SA mining sector paid almost 50% less taxes in 2024 as commodity prices soured
Mining Indaba held at the Cape Town Convention Centre.(Photo: Jairus MmutleGCIS)
The picture is quite clear — the mining sector is paying less to the Treasury at a time when the Treasury needs every cent it can lay its hands on.

When Finance Minister Enoch Godongwana unveils his Budget on Wednesday, 19 February 2025, one vein that he won’t be able to tap for liquidity is the mining sector. 

According to the Minerals Council SA’s annual Facts and Figures publication — unveiled on Monday at the start of the Investing in African Mining Indaba — South Africa’s mining industry in 2024 paid R43.6-billion in taxes, which was 49% less than it paid in 2023.

Royalties declined by almost 37% to R16-billion while VAT payments were 24% lower at R21.5-billion. Turnover was down 9% to R1-trillion and the sector’s direct contribution to gross domestic product (GDP) fell 2.6% to R444.2-billion.

These figures are not yet set in stone but have been extrapolated from the average for the first three quarters of 2024 as the final data for the full year is still being crunched. 

But the picture is quite clear — the mining sector is paying less to the Treasury at a time when it needs every cent it can lay its hands on.

There are a number of reasons for this state of affairs, starting with prices. 

Trade and Industry Minister Parks Tau and Mineral Resources and Energy Minister Gwede Mantashe at the mining indaba. (Photo: Jairus Mmutle / GCIS)



“... prices in the platinum group metals (PGMs) industry, the largest sub-sector of mining in South Africa, remain depressed”, the Minerals Council said. 

It also noted that there “are several remaining constraints that are inhibiting faster growth and the competitiveness of the mining sector”. 

“Among others, these include sustained high levels of crime, regulatory hurdles, continued above-inflation electricity tariff increases, as well as worsening water provision in parts of the country that go together with weak local government capacity to deploy capital budgets.” 

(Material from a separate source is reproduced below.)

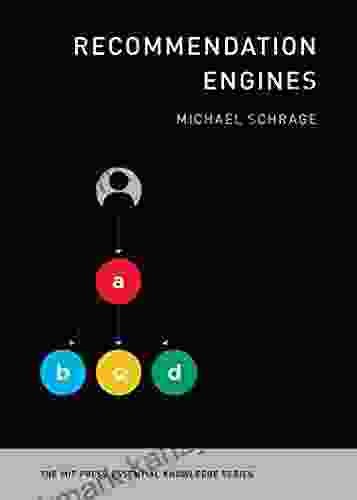 Recommendation Engines (The MIT Press Essential Knowledge Series)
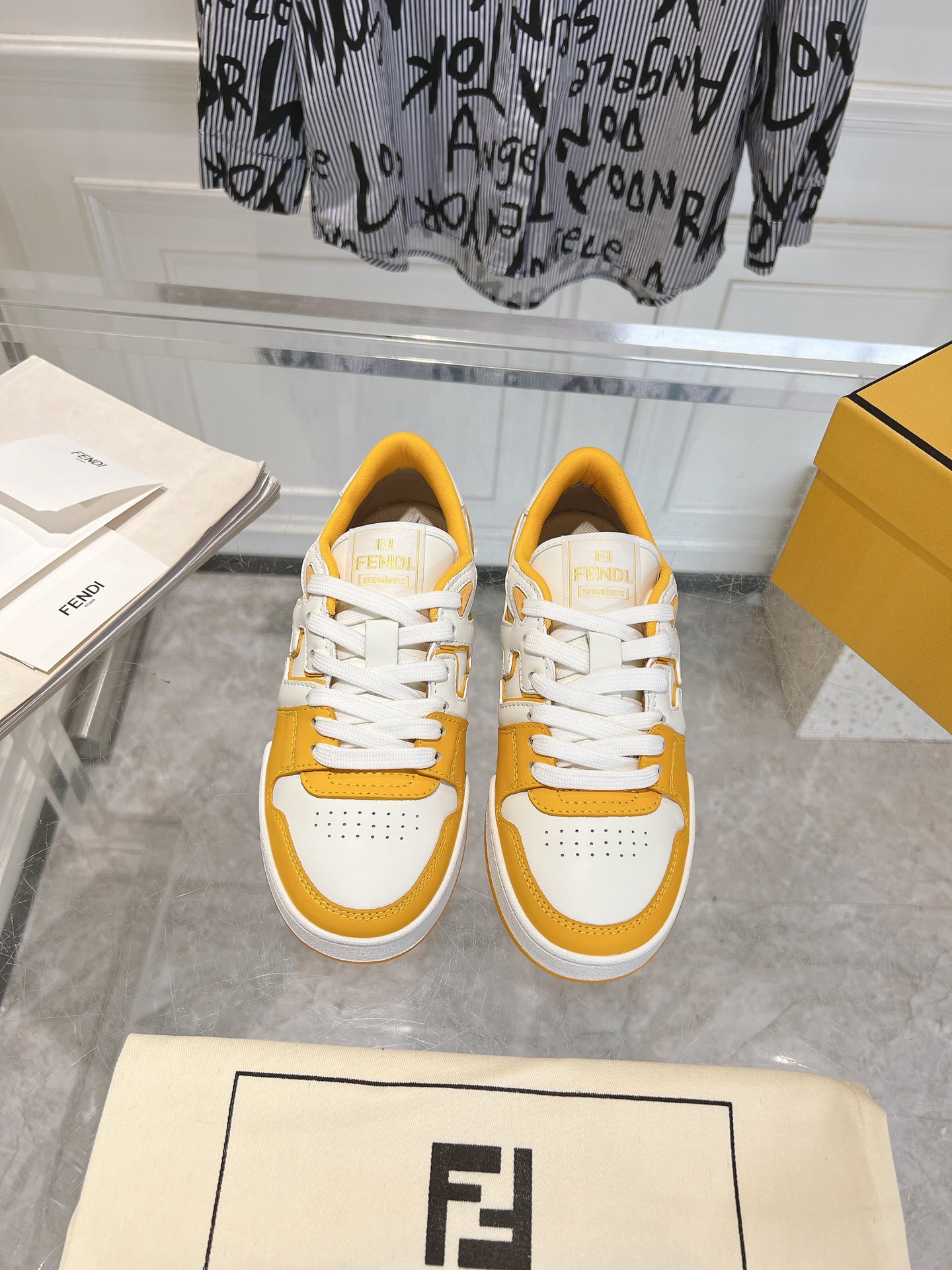Male Board Shoes M-s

These are issues that have been festering for years and are now reaching boiling point. But there are hopeful signs of light at the end of this long tunnel. 

Renewed impetus


The Government of National Unity (GNU) has given renewed impetus to the business/government partnerships to tackle such challenges. 

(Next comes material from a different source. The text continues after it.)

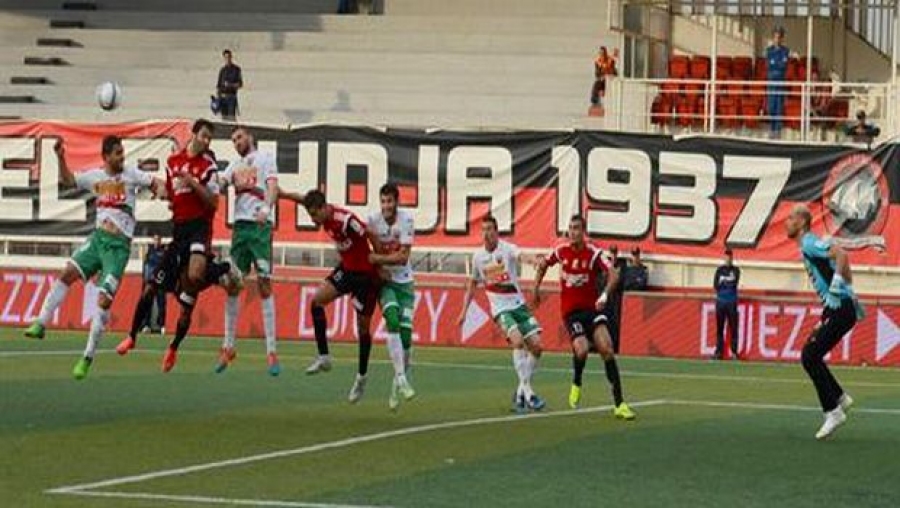 Ligue des Champions/AS Kaloum-USM Alger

“If we can make further progress on lifting the remaining constraints on mining, including the momentum to Transnet’s rail and port volume targets, dealing with crime and corruption as well as regulatory inhibitors, the sector has the potential to contribute to the performance and strength of the economy and enable broad social upliftment and progress,” said Mzila Mthenjane, CEO of the Minerals Council.

The Investing in African Mining Indaba at the Cape Town Convention Centre. (Photo: Jairus Mmutle / GCIS)

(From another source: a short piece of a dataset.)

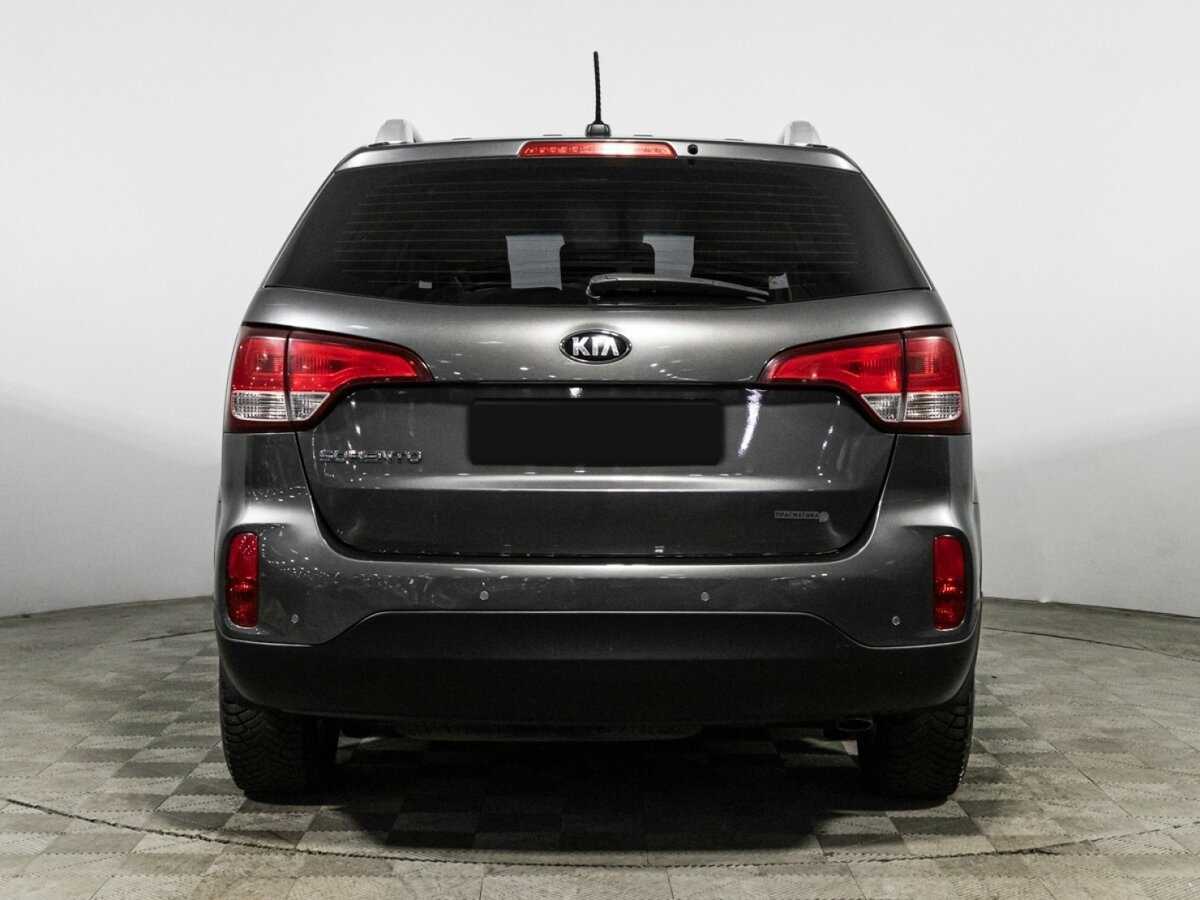 Купить Kia Sorento, 2019, 116 304 км.. Фото: #5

“This is what the collaborative efforts between the Government of National Unity, state-owned enterprises and the private sector are working towards.” 

And last year’s data was not all doom and gloom. Employee earnings rose 2.2% to R195.3 billion while PAYE by mining employees was 4.9% higher last year at R36.1-billion. This was against the backdrop of a 0.9% decline in employment to 474,876. 

Gold price soars


While commodity prices were generally depressed, gold shot the lights out last year. 

“For the second year running, the dollar gold price outperformed, ending the year more than 27% higher (relative to the final trading day of the previous year). In late October, gold reached an all-time record high in nominal terms of just below US$2,800/oz,” the Minerals Council said. 

Read more: After the Bell: Why is the gold price going nuts? 

And while PGM prices remained depressed, they were at least stable in 2024, suggesting that perhaps the bottom of this down cycle has been reached. 



“The ‘good’ news was that the overall PGMs basket prices were relatively stable for most of the year. An important factor behind this was the slowdown in electric vehicle (EV) adoption and the realisation that future EV sales would not grow as fast as previously envisaged,” the Minerals Council said. 

“Unlike vehicles with internal combustion engines, PGMs are not used in EVs. However, hybrid vehicles, which provide a bridge between internal combustion engines and EVs, are becoming more popular.” 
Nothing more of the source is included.